當我的0,4,32和36的位移運行gatherv我得到以下

分佈式矢量:

0 1 2 3 4 5 6 7 
8 9 10 11 12 13 14 15 
16 17 18 19 20 21 22 23 
24 25 26 27 28 29 30 31 
32 33 34 35 36 37 38 39 
40 41 42 43 44 45 46 47 
48 49 50 51 52 53 54 55 
56 57 58 59 60 61 62 63 

實際返回:

0 1 2 3 0 0 0 0 
8 9 10 11 0 0 0 0 
16 17 18 19 0 0 0 0 
24 25 26 27 0 0 0 0 
0 0 0 0 0 0 0 0 
0 0 0 0 0 0 0 0 
0 0 0 0 0 0 0 0 
0 0 0 0 0 0 0 0 

如果我改變的位移爲0,1,32 36我得到如下:

分佈式矢量:

0 1 2 3 4 5 6 7 
8 9 10 11 12 13 14 15 
16 17 18 19 20 21 22 23 
24 25 26 27 28 29 30 31 
32 33 34 35 36 37 38 39 
40 41 42 43 44 45 46 47 
48 49 50 51 52 53 54 55 
56 57 58 59 60 61 62 63 

實際返回:

爲什麼1位移轉換成28在返回的向量?這讓我困惑。

+1

如果你運行這個用的valgrind(-np的mpirun的valgrind 4 a.out的),你會看到你覆蓋記憶 - 但是如果你改變create_types最後2行(你會得到預期的行爲)來' MPI_Datatype tmptype; MPI_Type_vector(local_image_size [0],local_image_size [1],image_size [1],MPI_UNSIGNED_CHAR,&tmptype); MPI_Type_create_resized(tmptype,0,sizeof(unsigned char),&recv_type); MPI_Type_commit(&recv_type);'。
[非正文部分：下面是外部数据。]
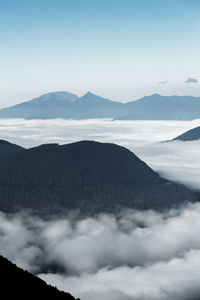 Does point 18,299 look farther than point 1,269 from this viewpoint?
No

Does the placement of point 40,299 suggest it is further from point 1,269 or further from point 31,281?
point 1,269

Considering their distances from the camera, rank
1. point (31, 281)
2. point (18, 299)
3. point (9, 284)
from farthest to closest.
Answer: point (31, 281)
point (9, 284)
point (18, 299)

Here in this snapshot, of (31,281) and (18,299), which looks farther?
(31,281)

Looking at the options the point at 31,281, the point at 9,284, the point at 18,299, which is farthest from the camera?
the point at 31,281

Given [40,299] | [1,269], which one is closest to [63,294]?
[40,299]

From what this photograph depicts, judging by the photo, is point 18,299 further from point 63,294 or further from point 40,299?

好奇爲什麼?這是關於位移的單位;參見[這個問題的答案與(http://stackoverflow.com/questions/9269399/sending-blocks-of-2d-array-in-c-using-mpi/9271753)。 – 2014-09-12 15:28:41

回答

2

MPI_GATHERV中的位移以數據類型的範圍爲單位指定。由MPI_Type_vector(local_image_size[0], local_image_size[1], image_size[1], MPI_UNSIGNED_CHAR, &recv_type);創建的數據類型的範圍爲{(local_image_size[0]-1) * image_size[1] + local_image_size[1]} * extent(MPI_UNISIGNED_CHAR)。給出的下列:

local_image_size[0] = 4 
local_image_size[1] = 4 
image_size[1] = 8 
extent(MPI_UNSIGNED_CHAR) = 1 byte 

這導致recv_type(4-1) * 8 + 4或28字節的程度。因此,位移1指定了超過接收緩衝區開始28個字節的位置。

可以通過在MPI_Type_create_resized上強制一個不同的「可見」範圍來「調整」某個類型的大小。正確執行2D分解的整個過程在this answer中有很好的描述。